Use Lambda Functions to Move Data From Redshift

At Fivetran, we pipe data into several different data warehouses in order to accommodate a wide range of technology stacks and use cases. Different data warehouses come with different characteristics and tradeoffs, though they can also be broadly similar in performance.

Sometimes our customers need to move modest amounts of data from Redshift to Snowflake or BigQuery. Since Redshift is a part of the Amazon Web Services (AWS) cloud platform, anyone who uses Redshift can also access AWS Lambda.

Let’s walk through how, with some configuration in AWS and a bit of Python, you can use the Fivetran Lambda connector to stream data from your Redshift cluster into the data warehouse of your choice.
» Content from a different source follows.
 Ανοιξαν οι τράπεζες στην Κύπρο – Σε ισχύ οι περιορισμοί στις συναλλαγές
Please note that this is meant specifically for smaller-scale, ad-hoc migrations. For full schema replications, you should consider more conventional approaches. This tutorial assumes that the reader has a working knowledge of Python and SQL.
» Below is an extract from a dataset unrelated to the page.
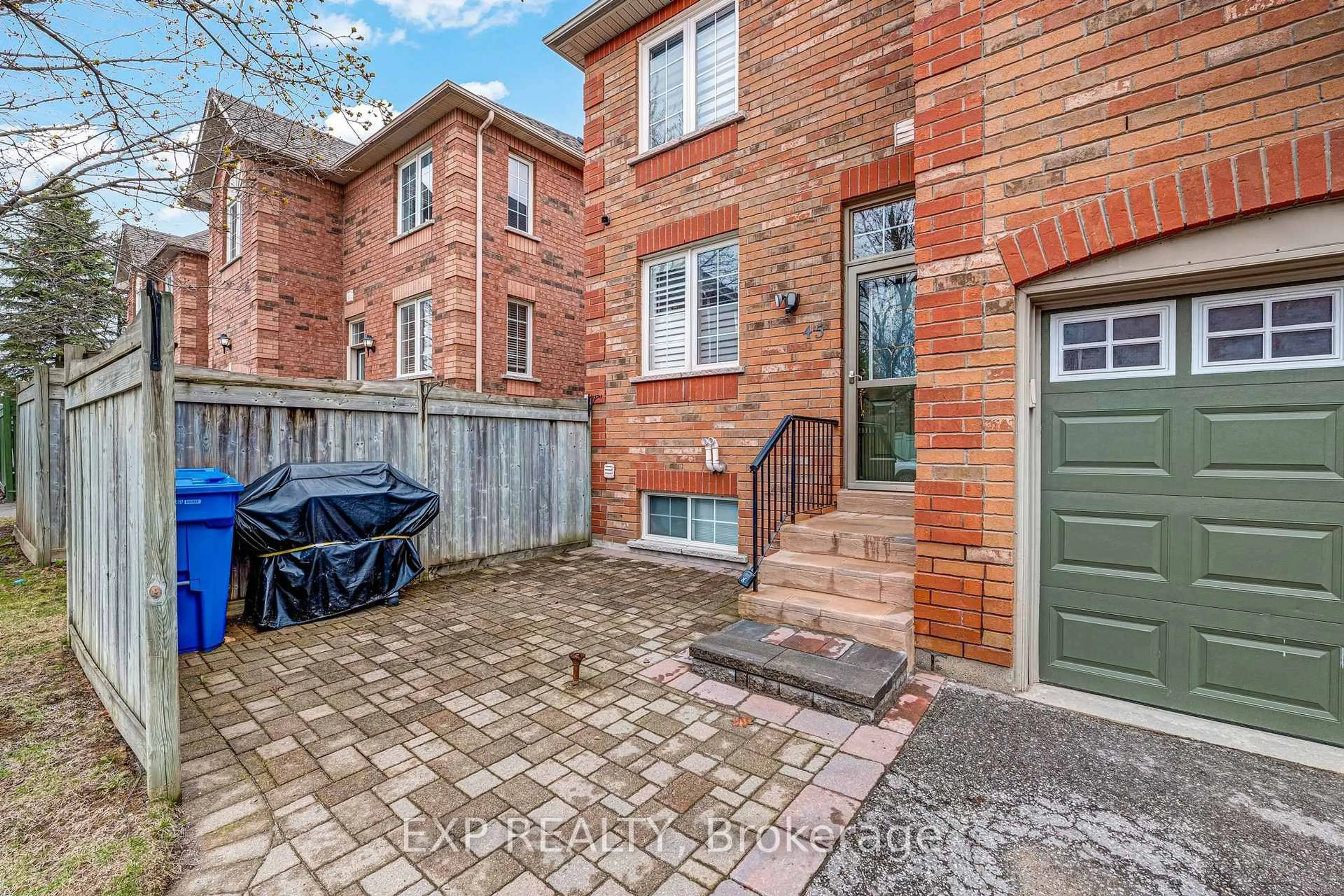 Unknown for 45 Sandlewood Crt, Aurora Ontario L4G 7N2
The idea here is to demonstrate a lightweight process to incrementally add data from a small-ish (i.e. sub-gigabyte scale) table to your destination data warehouse. AWS Lambda has a 6MB payload limit, so it is not practical to migrate very large tables this way.

Designate Your Source Redshift Table

Given the 6MB payload limit applied to AWS Lambda, you want a relatively small table that can be migrated in a reasonable amount of time. Get a sense of how large your table is and how many sub-6MB increments it will take to load it. Using your SQL query tool (I use SQL Workbench/J to access Redshift), run the following SQL, where ‘[table_name]’ is the table name enclosed in single quotes:

SELECT "table", size, tbl_rows FROM SVV_TABLE_INFO WHERE "table" = '[table_name]'

If you do not have permission to run this query, ask the designated superuser at your organization. This will tell you how many rows the table has and its size in megabytes. Later, you will use this to adjust the LIMIT clause of the SQL query in your script accordingly.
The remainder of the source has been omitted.